With the pictures removed, please write out every line below exactly as given.

Exercise data
····················

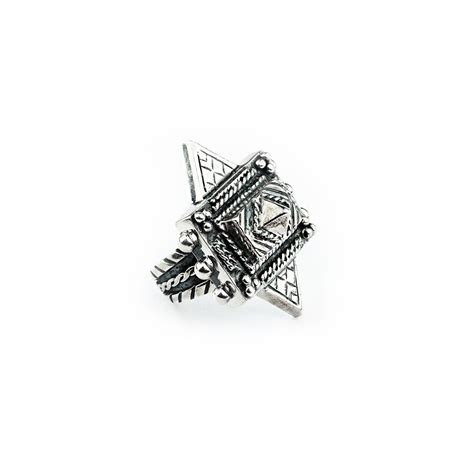Handmade Ethnic Silver Jewelry by Sirusho | PreGomesh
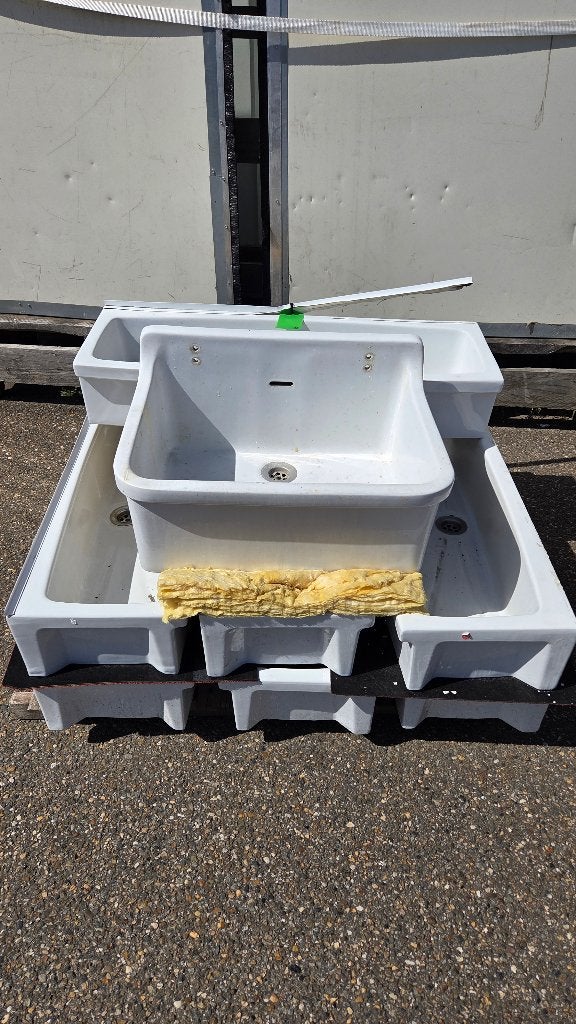 Wastrog stortbakje uitstort gootsteen wasbak ( 078 ), Doe-het-zelf en Verbouw, Sanitair, Ophalen, Gebruikt, Wastafel, Nb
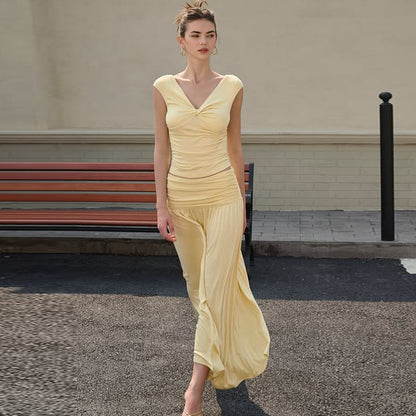 Two Piece Set | V Neck Twist Top & High Waist Pleated Skirt | noémi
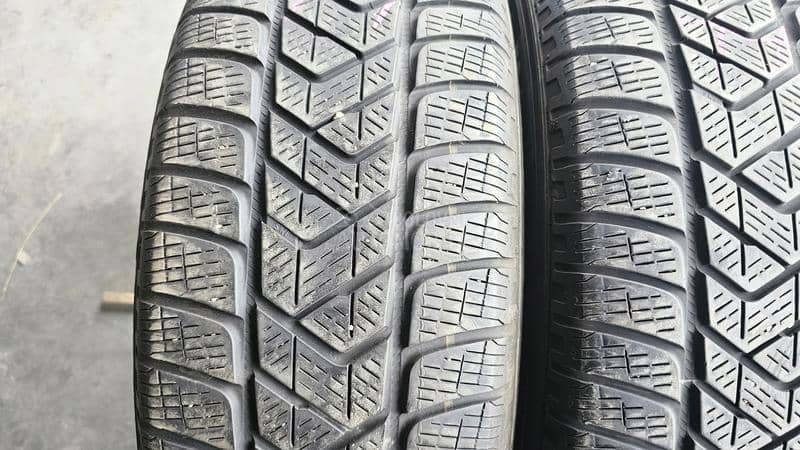 Pirelli 215/65 R17 Zimska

····················

Reply
Handmade Ethnic Silver Jewelry by Sirusho | PreGomesh
 Wastrog stortbakje uitstort gootsteen wasbak ( 078 ), Doe-het-zelf en Verbouw, Sanitair, Ophalen, Gebruikt, Wastafel, Nb
 Two Piece Set | V Neck Twist Top & High Waist Pleated Skirt | noémi
 Pirelli 215/65 R17 Zimska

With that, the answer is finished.